The government’s prevailing need to cut back on expenditure will largely bypass the educational budgets. But if we invest in academies and free schools the need for the current format of the Department for Education (DFE) could be greatly reduced. Could this pass further savings down the line to fund improved teaching resources.

The largest savings generally occur by starting at the top, something maybe the BBC still need to grasp. The advent of academies and free schools will see more of the learning process pass to localised control. Providing each school in turn zealously grasps the operational role this would clearly reduce the support needed at a central level.  We have a long way to go to achieve world class academic efficiencies and performance standards. But unfettered by bureaucracy  could provide the incentive to Head Teachers to go the extra mile.
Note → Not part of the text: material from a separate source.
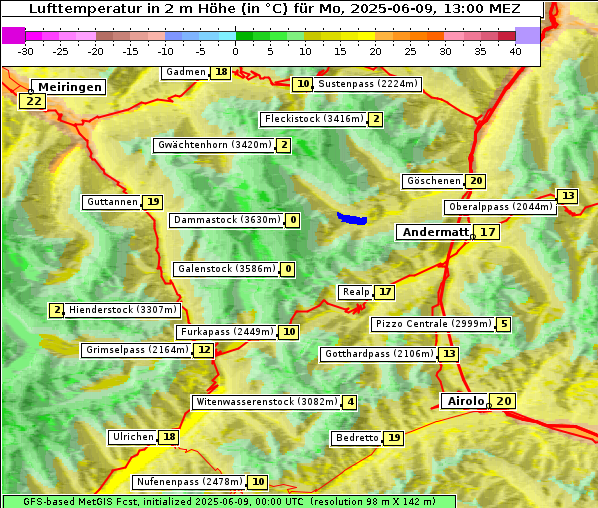 Temperatur, 9. 6. 2025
Academy groups have a scaling benefit in their buying power but the single academy or free school could also benefit from purchasing freedom. Enforced use of central academic supply organisations, structured to make substantial profits, could cease. Teachers could deal in the real world and make efficient use of shopping on-line. It’s the way the general market is moving and would allow schools to practice what they preach in grooming children to be cost savvy in adulthood.

The increased freedom of multi academy groups  to control the teaching resource and modus operandi benefits over its state equivalent. The Harris Federation, Ark and United Learning Trust Academies are clearly demonstrating the benefits of devolved control with improved performance.

The introduction of new academies in previous under performing schools have proven they are far from hopeless cases. Some are now outperforming the previous state model by a factor of 14. High immigrant content and poor social background have not dragged performance down. Quite the reverse, a fresh localised view and rules of engagement from a positive management team is certainly a winning formula.

Whilst this laudable achievement is starting to yield benefits care is needed else the new school clusters get too big and negative comparisons with the existing system emerge. Perhaps the maximum size of Academy groups needs defining to avoid a ‘Tesco’ scenario that look primarily at the needs of their shareholders.

In the meantime, interestingly the main influence behind academic status appears to be driven by teacher unions. They urge Head teachers to liaise with parents and local communities before opting for academy status. Maybe this influence is protectionism but then we do need some considered thought before we go gung-ho into a new era. The last major school initiative, the introduction of comprehensive schools some 40 years ago hasn’t been the success hoped for. Still independent school outpace the academic performance of the state system by a huge margin. Academies have their place as localized clusters but we need to watch for the Trojan Horse if they become national.